* _Material for this exercise_:
---+---

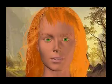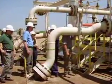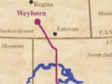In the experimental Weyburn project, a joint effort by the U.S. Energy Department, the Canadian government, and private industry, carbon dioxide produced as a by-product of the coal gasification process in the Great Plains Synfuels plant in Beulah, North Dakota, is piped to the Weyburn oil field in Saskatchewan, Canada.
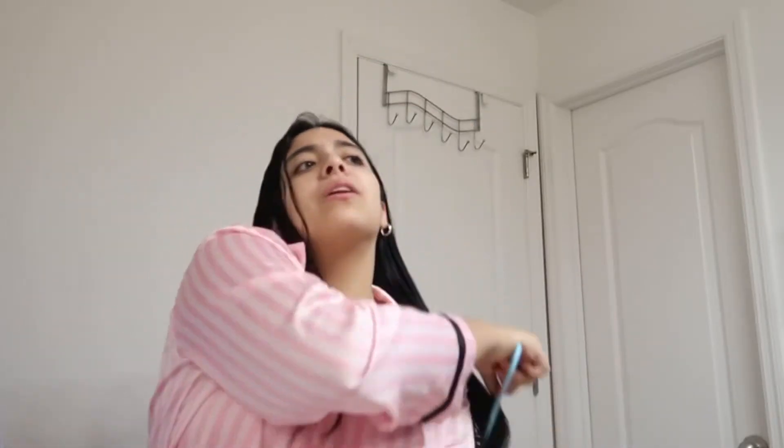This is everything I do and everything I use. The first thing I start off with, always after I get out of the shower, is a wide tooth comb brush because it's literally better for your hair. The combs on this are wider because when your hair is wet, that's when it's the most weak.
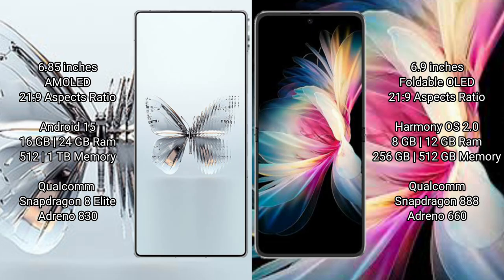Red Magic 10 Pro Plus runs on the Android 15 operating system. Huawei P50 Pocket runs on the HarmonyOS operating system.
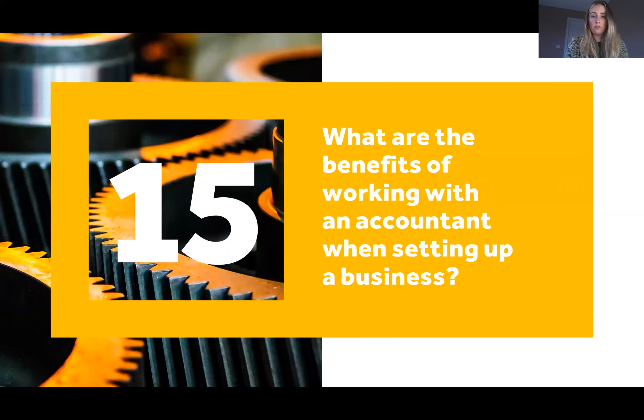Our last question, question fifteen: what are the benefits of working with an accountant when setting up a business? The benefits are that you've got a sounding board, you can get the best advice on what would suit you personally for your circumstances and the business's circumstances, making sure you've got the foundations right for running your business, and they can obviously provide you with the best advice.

---+---

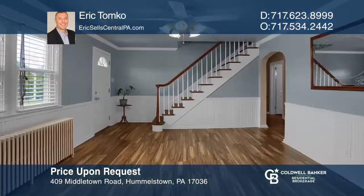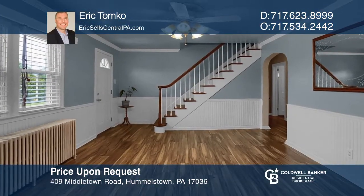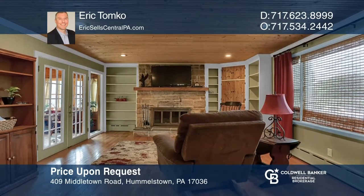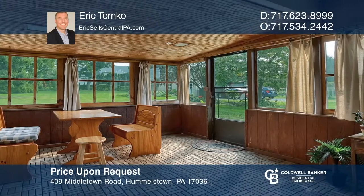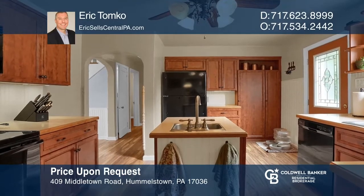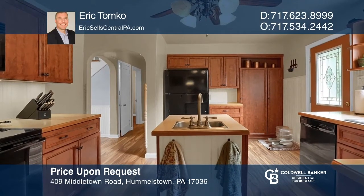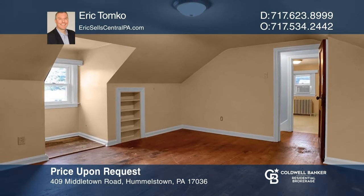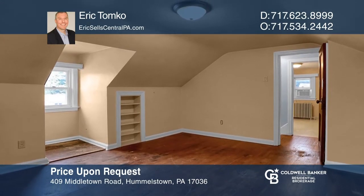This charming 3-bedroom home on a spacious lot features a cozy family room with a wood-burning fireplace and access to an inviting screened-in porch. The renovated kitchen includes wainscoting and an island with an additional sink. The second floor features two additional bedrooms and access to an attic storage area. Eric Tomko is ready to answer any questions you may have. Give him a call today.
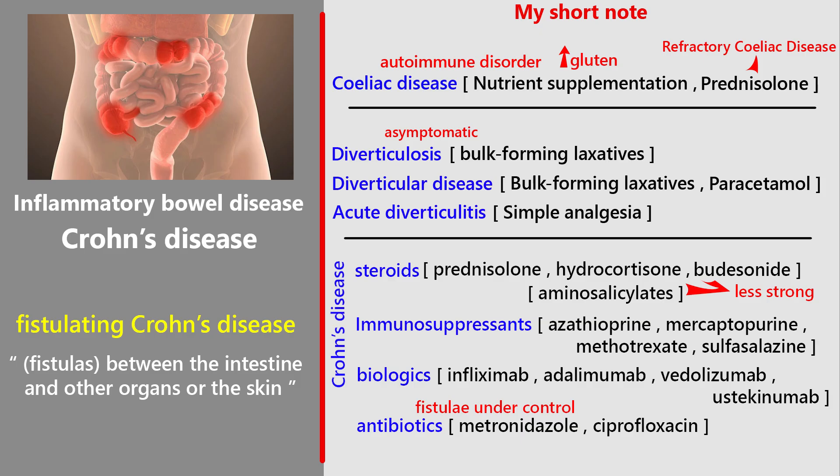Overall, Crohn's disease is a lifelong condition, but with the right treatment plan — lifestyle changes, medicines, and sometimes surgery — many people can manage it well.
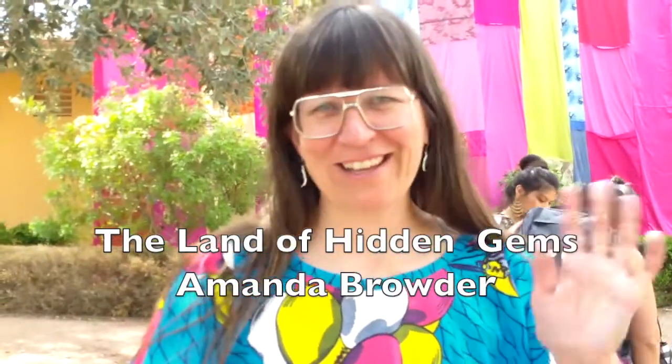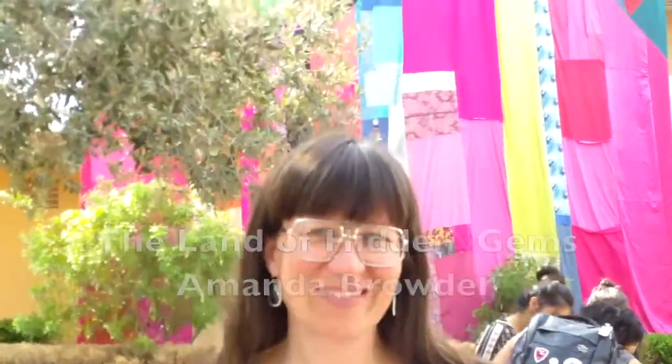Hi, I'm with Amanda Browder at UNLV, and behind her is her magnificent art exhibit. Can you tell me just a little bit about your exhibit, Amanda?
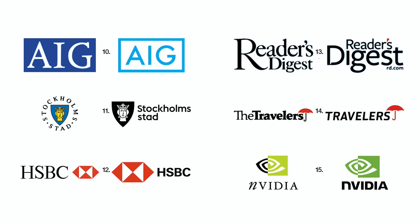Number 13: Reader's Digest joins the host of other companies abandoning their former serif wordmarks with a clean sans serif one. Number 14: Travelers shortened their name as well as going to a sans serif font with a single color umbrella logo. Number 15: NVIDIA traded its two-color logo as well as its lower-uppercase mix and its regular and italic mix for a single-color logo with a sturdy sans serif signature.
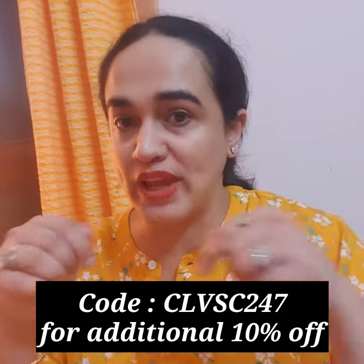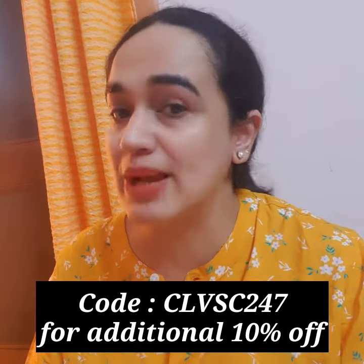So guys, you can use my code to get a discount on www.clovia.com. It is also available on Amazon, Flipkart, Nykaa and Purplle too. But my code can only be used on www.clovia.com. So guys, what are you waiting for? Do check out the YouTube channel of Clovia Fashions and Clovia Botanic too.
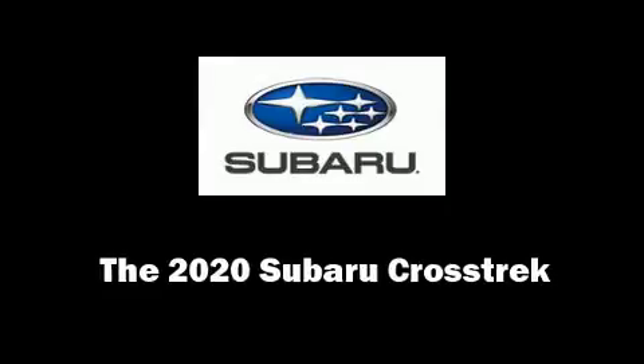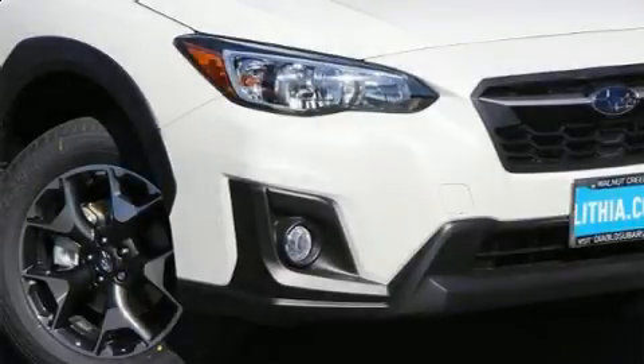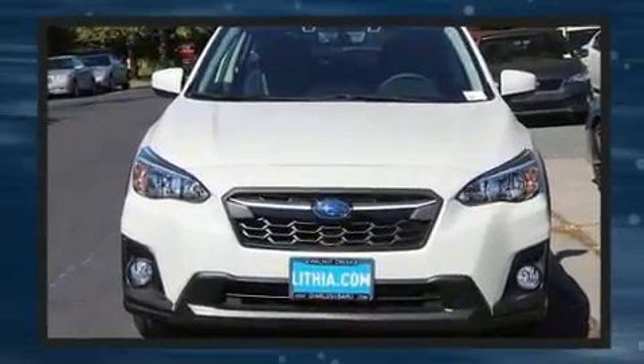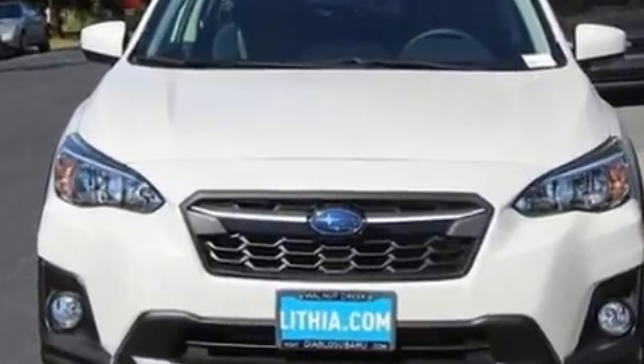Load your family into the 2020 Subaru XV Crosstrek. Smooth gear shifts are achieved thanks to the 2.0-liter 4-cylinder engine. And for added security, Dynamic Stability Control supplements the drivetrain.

---+---

* _How to complete this task_:
When you reach the line holding "Number 13: Reader's" in the listing above, begin retyping exactly, and stop once the line holding "Load your family" is done; pictures stay out.

* _Your response_:
Number 13: Reader's Digest joins the host of other companies abandoning their former serif wordmarks with a clean sans serif one. Number 14: Travelers shortened their name as well as going to a sans serif font with a single color umbrella logo. Number 15: NVIDIA traded its two-color logo as well as its lower-uppercase mix and its regular and italic mix for a single-color logo with a sturdy sans serif signature.
So guys, you can use my code to get a discount on www.clovia.com. It is also available on Amazon, Flipkart, Nykaa and Purplle too. But my code can only be used on www.clovia.com. So guys, what are you waiting for? Do check out the YouTube channel of Clovia Fashions and Clovia Botanic too.
Load your family into the 2020 Subaru XV Crosstrek. Smooth gear shifts are achieved thanks to the 2.0-liter 4-cylinder engine. And for added security, Dynamic Stability Control supplements the drivetrain.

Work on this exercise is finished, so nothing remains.